DATA SUPPLIED
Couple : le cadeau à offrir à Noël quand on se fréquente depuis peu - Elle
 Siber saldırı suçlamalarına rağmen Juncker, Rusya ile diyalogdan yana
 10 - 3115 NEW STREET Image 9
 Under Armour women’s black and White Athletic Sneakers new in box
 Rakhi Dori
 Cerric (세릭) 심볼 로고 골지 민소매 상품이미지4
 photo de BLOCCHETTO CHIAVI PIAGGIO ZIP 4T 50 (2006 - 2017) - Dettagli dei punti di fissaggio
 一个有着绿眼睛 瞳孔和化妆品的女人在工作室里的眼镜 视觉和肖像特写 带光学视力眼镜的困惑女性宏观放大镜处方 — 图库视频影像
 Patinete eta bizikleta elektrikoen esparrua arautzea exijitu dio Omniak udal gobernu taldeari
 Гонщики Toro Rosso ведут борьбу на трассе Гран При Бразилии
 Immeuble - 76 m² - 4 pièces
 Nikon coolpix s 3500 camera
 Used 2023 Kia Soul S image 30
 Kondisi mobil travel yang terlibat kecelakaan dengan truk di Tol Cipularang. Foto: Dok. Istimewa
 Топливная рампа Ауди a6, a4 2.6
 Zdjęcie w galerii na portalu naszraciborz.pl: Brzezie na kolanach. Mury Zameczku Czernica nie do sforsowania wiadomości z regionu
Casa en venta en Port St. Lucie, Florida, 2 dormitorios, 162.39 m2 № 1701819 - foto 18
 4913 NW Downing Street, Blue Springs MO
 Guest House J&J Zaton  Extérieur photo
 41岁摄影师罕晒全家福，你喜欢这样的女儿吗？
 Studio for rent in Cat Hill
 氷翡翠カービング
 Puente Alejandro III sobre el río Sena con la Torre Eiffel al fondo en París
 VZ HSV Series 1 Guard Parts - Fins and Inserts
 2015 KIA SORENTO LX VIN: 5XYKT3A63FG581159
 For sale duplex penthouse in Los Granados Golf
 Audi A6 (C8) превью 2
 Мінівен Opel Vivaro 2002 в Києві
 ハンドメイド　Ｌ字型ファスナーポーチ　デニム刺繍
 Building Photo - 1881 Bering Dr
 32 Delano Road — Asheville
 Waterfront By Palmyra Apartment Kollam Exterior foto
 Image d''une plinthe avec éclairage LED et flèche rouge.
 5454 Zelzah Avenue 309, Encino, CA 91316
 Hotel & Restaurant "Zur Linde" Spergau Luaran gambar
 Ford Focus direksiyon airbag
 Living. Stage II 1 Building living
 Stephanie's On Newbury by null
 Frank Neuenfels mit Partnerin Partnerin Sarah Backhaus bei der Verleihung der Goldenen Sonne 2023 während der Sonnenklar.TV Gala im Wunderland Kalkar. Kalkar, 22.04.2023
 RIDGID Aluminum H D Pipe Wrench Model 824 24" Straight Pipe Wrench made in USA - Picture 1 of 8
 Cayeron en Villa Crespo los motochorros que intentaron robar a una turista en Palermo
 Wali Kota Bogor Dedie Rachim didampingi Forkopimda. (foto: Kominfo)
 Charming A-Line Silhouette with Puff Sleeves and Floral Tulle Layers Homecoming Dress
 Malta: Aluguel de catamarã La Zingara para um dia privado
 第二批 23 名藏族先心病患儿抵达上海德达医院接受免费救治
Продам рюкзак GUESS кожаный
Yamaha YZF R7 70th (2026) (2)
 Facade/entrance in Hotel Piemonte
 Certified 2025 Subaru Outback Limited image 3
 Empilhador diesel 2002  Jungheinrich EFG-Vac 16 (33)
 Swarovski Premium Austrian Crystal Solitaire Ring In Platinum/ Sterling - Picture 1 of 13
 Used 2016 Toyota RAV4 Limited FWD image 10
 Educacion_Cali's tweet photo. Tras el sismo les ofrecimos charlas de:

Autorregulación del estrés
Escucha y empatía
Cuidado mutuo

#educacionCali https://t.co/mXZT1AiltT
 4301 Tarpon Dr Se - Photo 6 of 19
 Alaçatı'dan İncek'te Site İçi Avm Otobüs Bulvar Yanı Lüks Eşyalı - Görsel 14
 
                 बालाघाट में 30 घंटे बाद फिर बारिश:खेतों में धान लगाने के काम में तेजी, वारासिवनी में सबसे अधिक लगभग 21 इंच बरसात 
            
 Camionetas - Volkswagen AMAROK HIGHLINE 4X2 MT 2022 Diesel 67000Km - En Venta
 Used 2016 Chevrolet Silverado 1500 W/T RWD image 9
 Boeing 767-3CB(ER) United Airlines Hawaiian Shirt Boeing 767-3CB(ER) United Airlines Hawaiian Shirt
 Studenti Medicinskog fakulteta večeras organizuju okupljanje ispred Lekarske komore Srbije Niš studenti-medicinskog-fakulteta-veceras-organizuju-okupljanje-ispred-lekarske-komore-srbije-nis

INSTRUCTIONS FOR THE TASK
Report every line above that has the string "Hotel" in it.

SOLUTION TO THE EXERCISE
 Hotel & Restaurant "Zur Linde" Spergau Luaran gambar
 Facade/entrance in Hotel Piemonte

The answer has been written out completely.